Who is the best person to review this?

Do you know what gcc does here?

Could you memcpy the __mmask64 into the byte buffer?

Do you know what gcc does here?

Could you memcpy the __mmask64 into the byte buffer?

I think gcc does the same thing as clang. In both cases the issue can be observed with UBSAN.

memcpy can be used as a workaround but it is less ergonomic since both arguments are pointers which means it can only directly be used with lvalues. memcpy is also less explicit.

Intel's documentation of _store_mask64 does not specify any kind of alignment. Also, they document this intrinsic as being kmovq m64, k which has no alignment restrictions. I don't think it makes sense for intrinsics to enforce an arbitrary stricter alignment than instructions they represent.

Do you know what gcc does here?

Could you memcpy the __mmask64 into the byte buffer?

I think gcc does the same thing as clang. In both cases the issue can be observed with UBSAN.

memcpy can be used as a workaround but it is less ergonomic since both arguments are pointers which means it can only directly be used with lvalues. memcpy is also less explicit.
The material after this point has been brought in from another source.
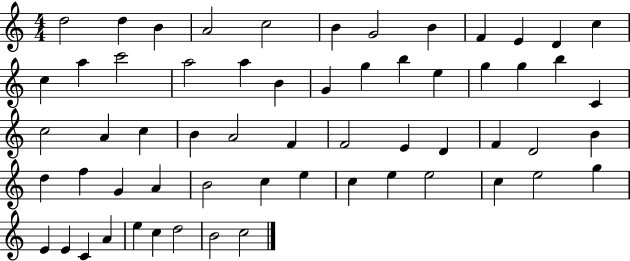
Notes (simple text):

D5/h D5/q B4/q A4/h C5/h B4/q G4/h B4/q F4/q E4/q D4/q C5/q C5/q A5/q C6/h A5/h A5/q B4/q G4/q G5/q B5/q E5/q G5/q G5/q B5/q C4/q C5/h A4/q C5/q B4/q A4/h F4/q F4/h E4/q D4/q F4/q D4/h B4/q D5/q F5/q G4/q A4/q B4/h C5/q E5/q C5/q E5/q E5/h C5/q E5/h G5/q E4/q E4/q C4/q A4/q E5/q C5/q D5/h B4/h C5/h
Intel's documentation of _store_mask64 does not specify any kind of alignment. Also, they document this intrinsic as being kmovq m64, k which has no alignment restrictions. I don't think it makes sense for intrinsics to enforce an arbitrary stricter alignment than instructions they represent.

For one thing, I think we should be aligned with GCC, otherwise, code may fail when cross-compile. For another, forcing the aligment should do better to performance.

For one thing, I think we should be aligned with GCC, otherwise, code may fail when cross-compile. For another, forcing the aligment should do better to performance.

I think this should be changed in GCC too. Also, this patch doesn't seem to meaningfully change the generated code (excepting quieting UBSAN).

You don't always have a choice of what alignment is used. This change doesn't make aligned code any slower. It is the same instruction whether the address happens to be aligned or not.